Księżna Meghan ma kolejny przydomek. Znów nie jest najmilszy
Meghan musi się mierzyć z krążącymi nieprzychylnymi komentarzami pod swoim adresem. Jak się okazuje, podobno także w rodzinie królewskiej.
Meghan Markle już od początku związku z księciem Harrym musiała mierzyć się z plotkami na swój temat. Nie miała łatwo, wchodząc do rodziny królewskiej, była rozwódką, a w dodatku nie Brytyjką, a Amerykanką. Mimo to potrafi zaimponować zaangażowaniem w działalność charytatywną i innowacyjnymi pomysłami w tej dziedzinie.
Jej podejście do pracy czy wychowywania dziecka już spotyka się z krytyką. Fanów rodziny królewskiej dziwił fakt, że razem z Harrym postanowiła odseparować Kate i Williama, choć sprawiali wrażenie zgranej drużyny.
Jej zachowanie często budzi konsternację na dworze. Już jakiś czas temu kolorowa prasa rozpisywała się o jej dużych wymaganiach co do pracowników Pałacu. W związku z tym miała podobno nawet otrzymać mało przychylny przydomek "trudnej księżnej". Nie bez znaczenia pozostaje też fakt, że ze współpracy z księżną rezygnowały ostatnio kolejne asystentkii.
Zobacz wideo: Markle "weszła do rodziny jako potencjalna skandalistka" (KLIKA PUDELKA)
Teraz okazuje się, że przezwisko wymyślili dla niej także starsi członkowie rodziny królewskiej. Podobno nie wróżą wspólnej przyszłości Harry'emu i jego świeżo poślubionej żonie. "Sunday Express" podaje nawet, że małżonkowie razem będą co najwyżej trzy lata. W związku z tym mają ją nazywać "degree wife", bo właśnie trzy lata trwają studia licencjackie.
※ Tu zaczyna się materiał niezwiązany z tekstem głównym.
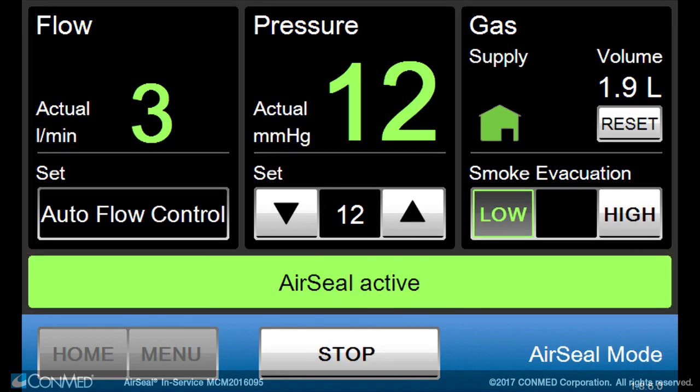Once air seal mode is active, the flow rate is set to auto flow control and the smoke evacuation can be set to either low at 3 liters per minute or high at 8 liters per minute.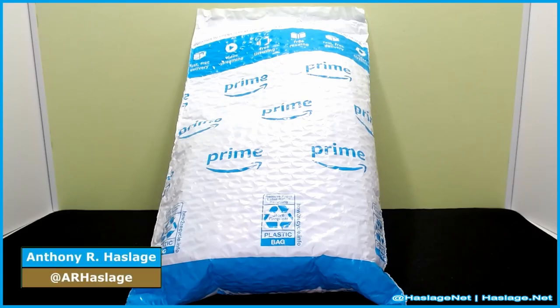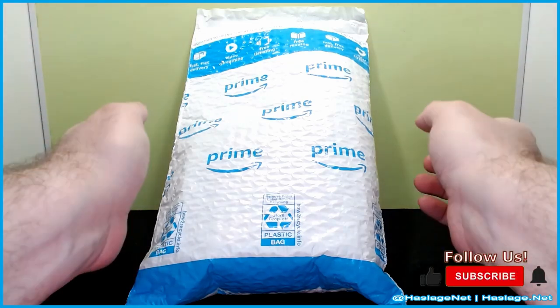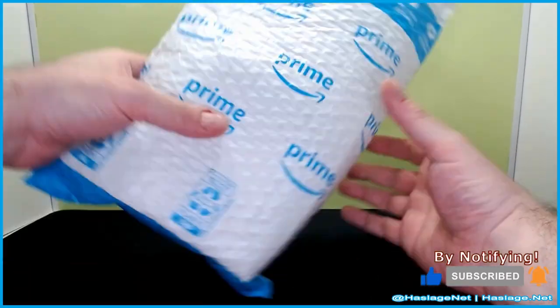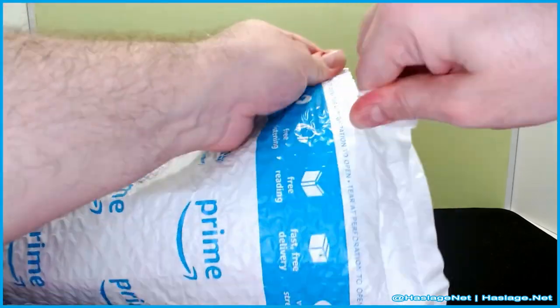Hey Techies, Anthony from Hatches.net here. Today you're looking at a package sent from Amazon Vine, and this is what I picked. Let's just open it up and get to it.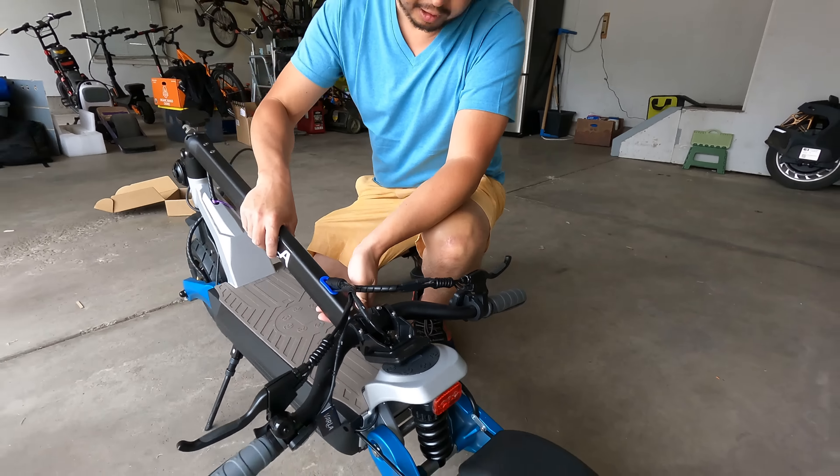Coming down here we have the stem of the scooter, which also has cable running through it. The folding mechanism is very similar to the Nami Robot — almost like opening a water faucet, just open it up to drop it down. There's also a secondary pin, which I really like. We've seen people complain about Nami Robot scooters where the bolt fails and the stem snaps. Having a secondary folding pin really instills confidence — you just never know when bolts are going to break or get sheared.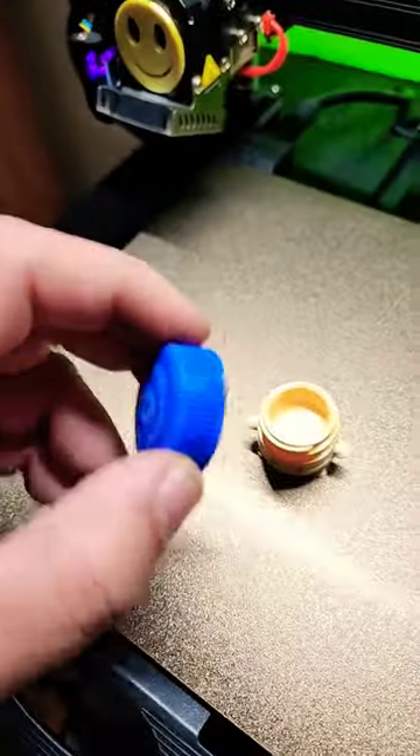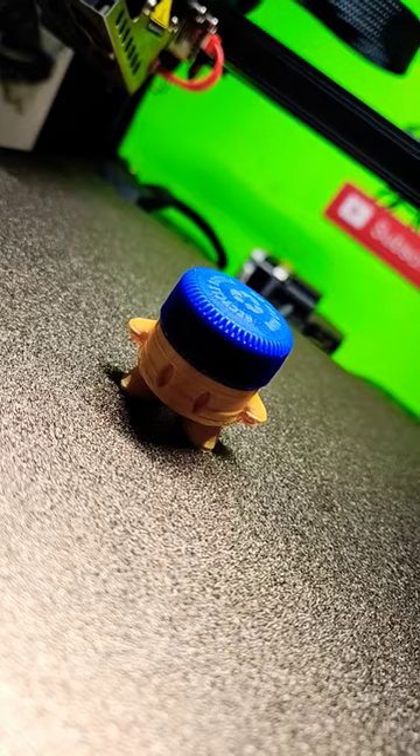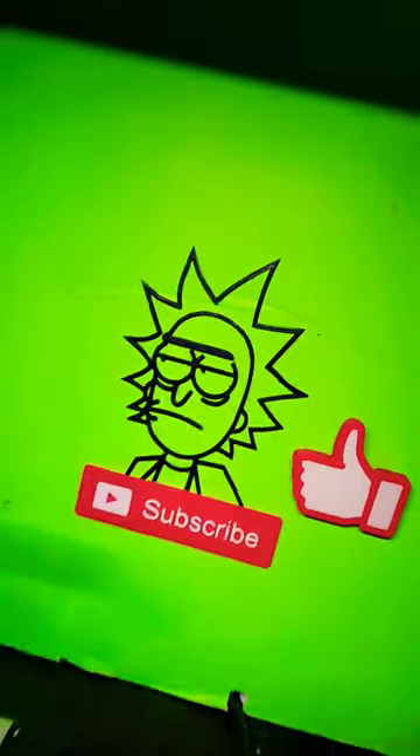Get a standard bottle cap from a two-liter water bottle or something, and it screws right on. Now you have a bottle cap small container to keep small things in.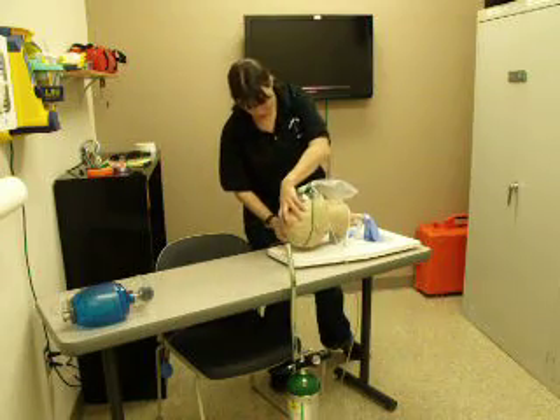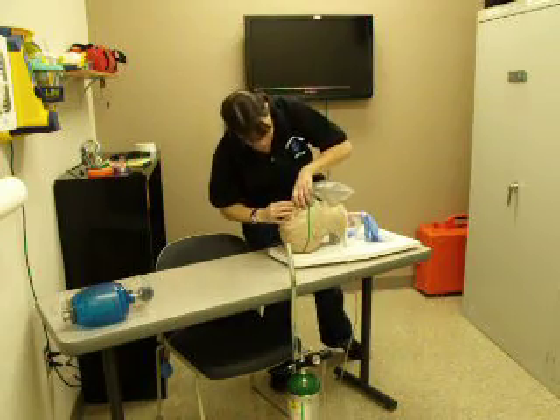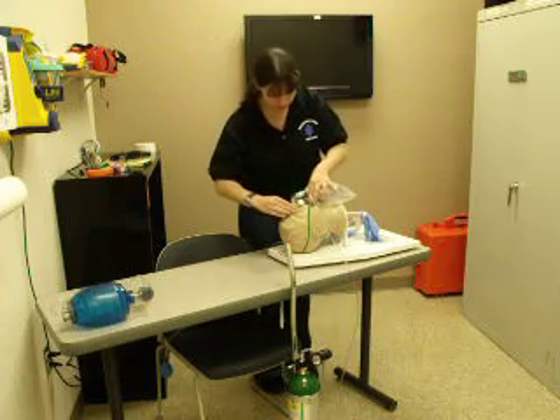Applying the mask to the patient, making sure that it fits snugly and comfortably.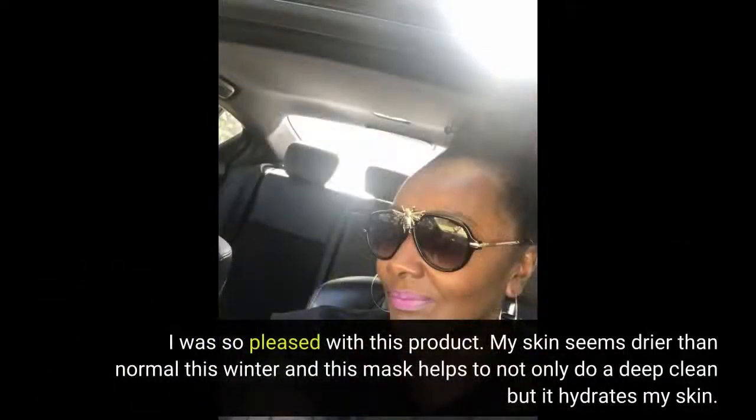I was so pleased with this product. My skin seems drier than normal this winter and this mask helps to not only do a deep clean but it hydrates my skin. I love that it has shea butter, sunflower oil, and aloe vera juice. I was a bit hesitant at first putting a dark grey mud mask on my face — scared my husband — but it was so relaxing.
Cóż, nie da się ukryć, że nie jest to zbyt miły przydomek. Jak potoczą się losy Meghan i Harry'ego - czas pokaże. Jak dotąd sprawiają wrażenie bardzo szczęśliwych. Sama księżna podobno jest świadoma, że ma wielu przeciwników, więc stara się ich odseparować.
Każdy, kto wyraził jakiekolwiek zastrzeżenie dotyczące Meghan, został wykluczony - wyjawił informator "Sunday Express".